I agree that that there should not be a total moratorium on capex, and for that reason I have signed a Report on a Heart and Lung Research Institute (HLRI) which will include an allocation of £5m (plus an additional underwriting of £13.3m) from the Capital Fund. However, there is a need to be prudent, given that there are other needs that are clear and increasingly urgent, e.g. there is a requirement to remove museum collections from the failing Atlas Building, there are requirements for investments in IT infrastructure and systems (most notably a replacement finance system), and there are required investments to directly support and enable teaching and research. Given that the contingencies are likely to be eaten away by the outcome of the Augar Report, and possibly by increased contributions to USS, and maybe even pay increases, the £80m, now reduced to £75m (if not less), needs to be spent wisely. Indeed, the PRC agreed that the altogether greater clarity resulting from the analysis prepared for Finance Committee should form the

basis for a clear communication explaining the absolute limits on the University's ability to commit in the near-term to significant additional capital expenditure on buildings.

Yet, later in that same meeting the PRC agreed to allocate £5m, but potentially £18.5m, to the HLRI, and £5m, but potentially £28.5m (although £10m is hoped to be raised from external sources), to the Whittle Laboratory.

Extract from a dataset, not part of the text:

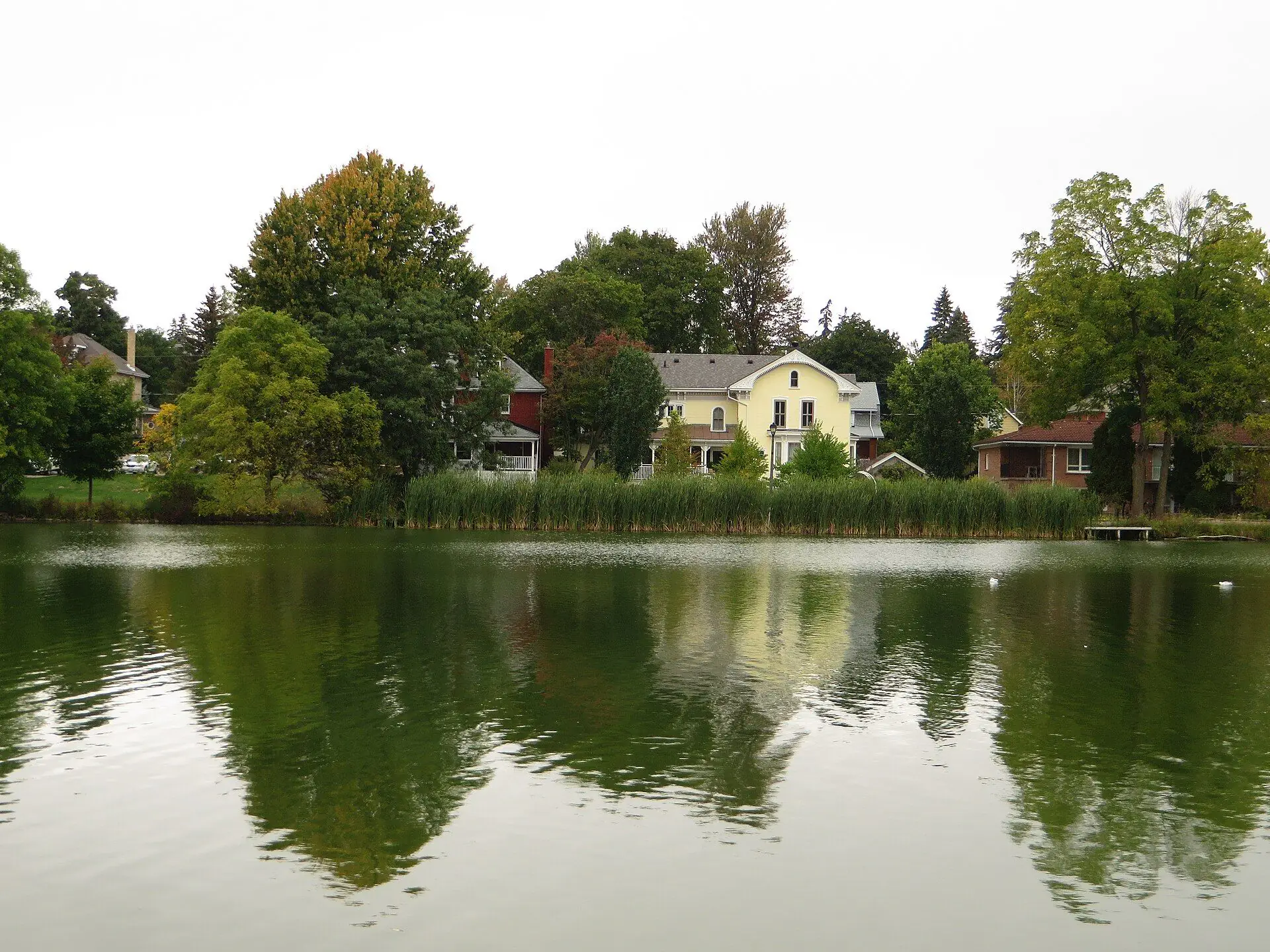 Homes and trees reflected in the Avon River in Stratford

In the worst-case scenario that's £47m of the £80m, and in the best-case scenario it is £23.5m of the £80m (i.e. 30%).

In recent years the University has been on a spending spree; e.g. £180m for animal houses, £48m for the Student Services Centre (SSC), £17m for the Library's Off-site Storage, £41m for the West Cambridge Shared Facilities Hub and up to £170m of the £320m cost of Cavendish III. The potential lost interest on that expenditure is of the order of £20m p.a., which when combined with the £10m p.a. contribution that the University is making to the Eddington development, would account for a large proportion of the projected deficits in the Allocation Report which will subsequently be Discussed today. Let me be clear, I was not against all the aforementioned expenditure, and I signed many, but not all, of the Reports. However, the reserves built up over many years (how many I do not know, since my repeated questions have resulted in no answer) have mainly been spent. Austerity on capex was overdue and has now arrived.

Four and a half years ago I argued in this house that the Report on the SSC (cost then £39m) should not be approved. I noted that much work had been done on the SSC and that in a perfect world with unlimited resources it made sense, but in the real world of austerity and make do, the development should have been put on hold until the funding was in place to make it possible. To my mind insufficient ducks were lined up, and one of the motivations of the Capital Plan had been to ensure that they were. Specifically I argued that the University should ensure that it has the correctly prioritised funds before embarking on a journey. Given where the University now is, as regards unrestricted liquid resources, my unease was justified.

As a result, I do not think that this Report should be approved in its current form. The University needs to cut its cloth according to its situation. In the PRC Minutes the importance of maximising the external funding towards this project (which might not be too hard given its 'green' flavouring), and reducing so far as possible the call on the Capital Fund, is noted. Further, it is also noted that the

Committee's previous agreement to underwrite the project could not be accepted without challenge in light of the further constraints on capital expenditure identified in [the Finance Committee report].

Where I disagree with the PRC is that the challenge should have been successful. The level of underwriting requested to fund the full development of the Whittle Laboratory is too high, and cannot be afforded.

To me the key quote from the aforementioned PRC Minutes is as follows:

In principle, the experimental facilities funded by ATI could be hosted in more modest accommodation; …

That is the option that should now be pursued. When the Centre for Mathematical Sciences (CMS) was constructed twenty years ago, it was built in phases because of funding issues. The second phase of three pavilions is where my office is, with the result that I spent two to three more years in less shiny accommodation on the Old Press site than some of my colleagues. The Whittle Laboratory similarly needs to be phased. The PRC Minutes continue from the above quote to state

this would be unlikely to achieve planning permission, however, given the local planning authority's expectations for a substantial 'point of arrival' at the eastern entrance to the West Cambridge site.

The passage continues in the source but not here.